The SPSS “get file =...” statement is used to call the file you wish to access.  Instead of calling the specific file, LISSY requires the following aliases:

LIS

household file

ccyyh

household shadow file

ccyyhs

person file

ccyyp

person shadow file

ccyypr

  LWS

household file

ccyyw

LES

True labour force file

ccyye

LIS wave 5 release 1

wave 5 household file release 1

ccyyhr

wave 5 person file release 1

ccyypr

LES 

LIS/LES integrated files

ccyyl

Where cc is replaced with the 2‑digit country code and yy stands for the 2‑digit year code.  For example:

de89h: selects the LIS household file for Germany 1989

ca94p: selects the LIS person file for Canada 1994

fi94w: selects the LWS household file for Finland 2004

us00l: selects the LIS/LES integrated file for United States 2000

uk89e: selects the LES file for United Kingdom 1989

b)     SPSS Programming Tips

§         The commands LIST and FREQUENCIES should be used with caution as they can produce listings that are too long, especially when used with categorical variables that have a large number of categories.

§      While the dot at the end of each command line is not mandatory when using LIS, it is strongly recommended in order to prevent problems related to multiple lines commands.

§      Please look at the SPSS self-teaching package on-line at http://www.lisproject.org/dataccess/selfteach.htm for practical examples on how to use LIS microdatabases.  Examples include accessing files, calculating simple statistics, weighting results, using macros, using include files, merging files, and the calculation of some basic indicators in the fields of poverty, inequality, and labour markets.

2.      SAS job syntax

a)      Calling data files

Instead of the specific file, your SAS program references the LIS/LWS/LES data through aliases in LIS defined macros.

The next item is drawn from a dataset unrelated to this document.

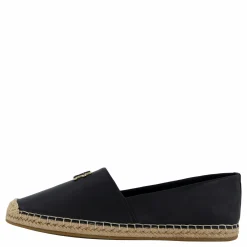 Tommy Hilfiger Th Logo Leather Espadrille Black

For those who are still working with the “wave 5 release1” datasets (including the LIS/LES integrated files), you must point to a format catalog while accessing release 1 data.  These references are included with the data aliases below:

LIS

household file

&ccyyh

household shadow file

&ccyyhs

person file

&ccyyp

person shadow file

&ccyyps

  LWS

household file

&ccyyw

LES

true labour force file

&ccyye

LIS Wave5 Release 1

wave5 household file release 1

&ccyyhr

wave 5 person file release 1

&ccyypr

related format files 

&ccyyf

LES

LIS/LES integrated files

&ccyyl

related format files

&ccyyef

Where cc is replaced with the 2‑digit country code and yy stands for the 2‑digit year code.  For example:

&de89h : selects the LIS household file for Germany 1989

&ca94p: selects the LIS person file for Canada 1994

&fi94w: selects the LWS household file for Finland 2004

&us00l: selects the LIS/LES integrated file for United States 2000

&uk89e: selects the LES file for United Kingdom 1989

b)     SAS Programming Tips

§      Do not use the any of the commands identified as data security problems.  In SAS, this includes PROC PRINT.

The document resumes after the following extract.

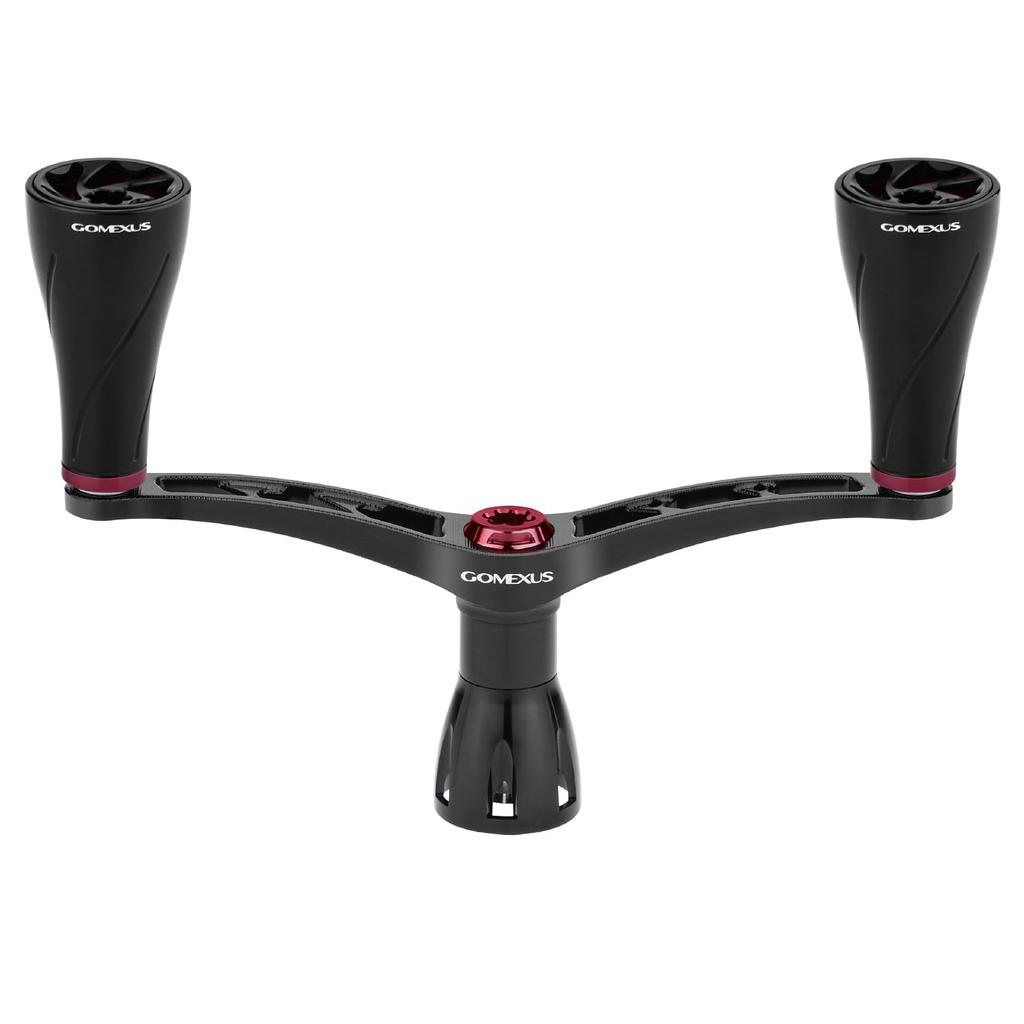 Gomexus CY92 Reel Handle Daiwa Spinning Reel Compatible Reel Gekka Bijin Replacement 92mm Double Handle with Knob Squid Ajing Eging Light Game Left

§      Beware of long listings.  SAS tends to generate rather large log files that are inserted into the output sent to the LIS user. These jobs often end up in our manual review queue as this listing is rather long.  In order to avoid this, you may use the SAS programming option: OPTIONS nonotes nosource;

§     Errors due to format syntax often occur in SAS, especially while merging different datasets.  This is especially true of older data sets.  In order to avoid this, you may use the SAS programming option: OPTIONS nofmterr;

3.      Stata job syntax

a)      Calling data files

Instead of the specific file, your Stata program references the LIS/LWS/LES data through aliases in LIS‑defined macros.  For Stata, the aliases are:

LIS

household file

$ccyyh

household shadow file

$ccyyhs

person file

$ccyyp

person shadow file

$ccyyps

LWS household file $ccyyw

LES

true labour force file

$ccyye

LIS wave5 release 1

wave5 household file release 1

$ccyyhr

wave 5 person file release 1

$ccyypr

LES

LIS/LES integrated files

$ccyyl

where cc is replaced with the 2‑digit country code and yy stands for the 2‑digit year code.  For example:

$de89h: selects the LIS household file for Germany 1989

$ca94p: selects the LIS person file for Canada 1994

$fi94w: selects the LWS household file for Finland 2004

$us00l: selects the LIS/LES integrated file for United States 2000

$uk89e: selects the LES file for United Kingdom 1989

Please note that Stata is case‑sensitive.  Therefore, be certain to refer to Stata aliases in lower case.

b)     Stata Programming Tips

§      Do not use the any of the commands identified as data security problems.  In Stata, this includes LIST.

§      Beware of long listings that may end up in our manual review queue.  

       Some Stata programming commands result in long output (e.g., logit and probit).  By using the option “, nolog” following these programming commands, you can minimize the amount of text in your log file.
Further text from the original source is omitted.